Лезах умолк и выжидающе посмотрел на Ахмета, пожилого купца.
— Если все так, как ты рассказываешь, — проговорил тот, — то я готов переменить мое мнение об Орбазане, ибо с братом твоим он и вправду обошелся хорошо.
— Да, он показал себя как истинный мусульманин! — воскликнул Мулей. — Но я надеюсь, что на этом твоя история не кончается! Думаю, всем присутствующим не терпится узнать, что было дальше с твоим братом и сумел ли он в конце концов спасти Фатиму, твою сестру, вместе с красавицей Зораидой.
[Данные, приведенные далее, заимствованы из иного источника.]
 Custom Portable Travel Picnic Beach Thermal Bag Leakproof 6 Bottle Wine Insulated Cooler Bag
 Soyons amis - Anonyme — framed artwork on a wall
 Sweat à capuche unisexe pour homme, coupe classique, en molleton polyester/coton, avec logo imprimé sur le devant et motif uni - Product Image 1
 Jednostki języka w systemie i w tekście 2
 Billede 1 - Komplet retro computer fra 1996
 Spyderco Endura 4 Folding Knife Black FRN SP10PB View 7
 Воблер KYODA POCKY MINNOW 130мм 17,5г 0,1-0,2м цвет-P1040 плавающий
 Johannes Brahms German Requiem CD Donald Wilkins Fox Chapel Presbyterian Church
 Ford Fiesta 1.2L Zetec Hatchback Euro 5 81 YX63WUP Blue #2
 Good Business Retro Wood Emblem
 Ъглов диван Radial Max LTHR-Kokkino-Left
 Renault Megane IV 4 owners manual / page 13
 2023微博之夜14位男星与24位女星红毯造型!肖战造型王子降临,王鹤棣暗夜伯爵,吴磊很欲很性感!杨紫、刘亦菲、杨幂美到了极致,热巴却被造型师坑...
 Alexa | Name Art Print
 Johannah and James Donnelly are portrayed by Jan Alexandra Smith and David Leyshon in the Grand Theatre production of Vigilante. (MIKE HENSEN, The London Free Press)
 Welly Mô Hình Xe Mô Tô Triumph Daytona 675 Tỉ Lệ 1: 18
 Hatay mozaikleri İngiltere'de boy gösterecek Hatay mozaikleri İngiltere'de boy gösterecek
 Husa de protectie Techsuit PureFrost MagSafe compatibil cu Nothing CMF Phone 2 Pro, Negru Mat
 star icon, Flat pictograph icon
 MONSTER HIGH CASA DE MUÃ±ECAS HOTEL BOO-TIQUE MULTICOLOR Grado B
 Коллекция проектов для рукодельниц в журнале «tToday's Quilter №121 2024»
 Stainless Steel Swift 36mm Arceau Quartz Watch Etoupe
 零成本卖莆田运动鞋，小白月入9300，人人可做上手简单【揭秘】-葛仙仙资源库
— Ну, раз вам не наскучило слушать меня, я с удовольствием продолжу, — согласился Лезах, — ибо моему брату, надо сказать, пришлось пережить еще немало удивительных приключений.

 

На седьмой день пути к полудню Мустафа добрался до городских ворот Балсоры. Едва устроившись в ближайшем караван-сарае, он кинулся расспрашивать, когда откроется невольничий рынок, который здесь проводился раз в году. К своему несказанному ужасу, он услышал в ответ, что рынок уже закрылся два дня назад, и значит он опоздал. Все, с кем он разговаривал, искренне сочувствовали ему и утверждали в один голос, что, опоздав, он много потерял, потому что в самый последний день привели двух невольниц — необыкновенных красавиц, просто глаз не оторвать. Покупатели за них прямо в драку лезли, так что в результате они были проданы по немыслимой цене, которая оказалась по карману только их теперешнему хозяину. Брат попросил рассказать ему подробнее о красавицах, и вскоре у него не осталось ни малейшего сомнения, что речь идет о несчастных девушках, которых он искал. Он узнал, что человек, купивший их, живет в сорока часах пути от Балсоры и что зовут его Тиули-Кос; узнал он и то, что человек этот знатный, богатый, но уже в летах и что прежде он был кападун-пашой при султане, теперь же, имея несметное состояние, удалился на покой.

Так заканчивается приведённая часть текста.